Nigeria may be on the brink of a major fuel supply crisis as the strike action by the National Union of Petroleum and Natural Gas Workers (NUPENG) enters its second day, following the collapse of talks between the Federal Government, labour leaders, and representatives of the Dangote Group.
Fuel loading operations across depots nationwide were brought to a standstill on Monday, after NUPENG enforced its directive in protest against what it described as anti-labour practices at the Dangote Petroleum Refinery. At the heart of the dispute is the alleged attempt by the company to prevent workers from joining unions.
The high-level negotiation held in Abuja on Monday night ended abruptly after Sayyu Dantata, who represented the Dangote Group, reportedly walked out of the meeting. The talks, which aimed to resolve the standoff over unionisation at the refinery, were co-chaired by Labour Minister Muhammad Dingyadi and Minister of State for Labour, Nkeiru Onyejeocha.
In attendance were senior officials from the Nigeria Labour Congress (NLC), Trade Union Congress (TUC), NUPENG, and the Nigerian Midstream and Downstream Petroleum Regulatory Authority, along with executives from Dangote Group and MRS Petroleum.
Confirming the collapse of the talks, Minister Dingyadi told journalists after the meeting:
“There are issues we have not been able to reach a final agreement on. Since it was getting late and some of the parties were travelling to Lagos, we had to call off the meeting until tomorrow. But I am confident that by tomorrow, we should be able to resolve these issues.”
However, labour leaders expressed deep frustration, accusing Dangote Group of intentionally sabotaging negotiations.
“Even when we bent backwards to accommodate his uncompromising behaviour, he still walked out. We are left with no option but to do the needful. The strike action continues,” said Benson Upah, acting Secretary of the NLC.
NUPENG President Williams Akporeha also condemned the alleged anti-union stance of the Dangote Group, warning that the union would not allow Nigerian workers to be “enslaved.”
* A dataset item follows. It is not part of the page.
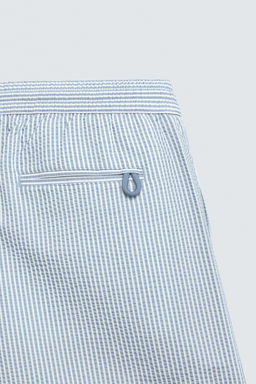 MID-LENGTH SEERSUCKER SWIMMING TRUNKS - Zara фото 12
“We cannot stand by and see an investor monopolise not just the system but even the workers. Nigerians have wished him well, but we will not allow him to enslave them,” Akporeha stated.
The NLC had earlier raised alarm over what it called “crude and dangerous anti-union practices” at Dangote facilities, claiming that such tactics violate the Nigerian Constitution, the Labour Act, and international labour conventions to which Nigeria is a signatory.
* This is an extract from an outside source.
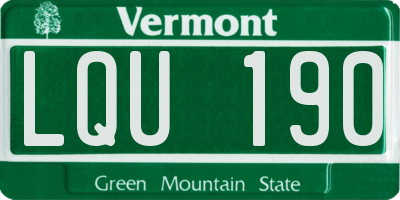 VT license plate LQU190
The current strike action follows a warning issued by NUPENG last Friday, alleging that Dangote planned to bar drivers recruited for its 4,000-truck fleet from joining the union, a move the union says is unacceptable.
While the Federal Government reportedly made efforts over the weekend to dissuade NUPENG from commencing the strike, the union insisted that its decision was final unless workers’ rights were respected.
Adding to the pressure, the Petroleum Products Retail Outlets Owners Association of Nigeria (PETROAN) also signaled its readiness to join the protest. In a statement issued by its National PRO, Joseph Obele, the association announced a three-day warning suspension of fuel lifting and dispensing activities starting Tuesday, September 9, 2025.
As of Monday morning, reports indicated full compliance with NUPENG’s no-loading directive across fuel depots. While the impact of the industrial action is yet to fully reflect at fuel stations, stakeholders warn that continued disruption may soon trigger widespread fuel scarcity.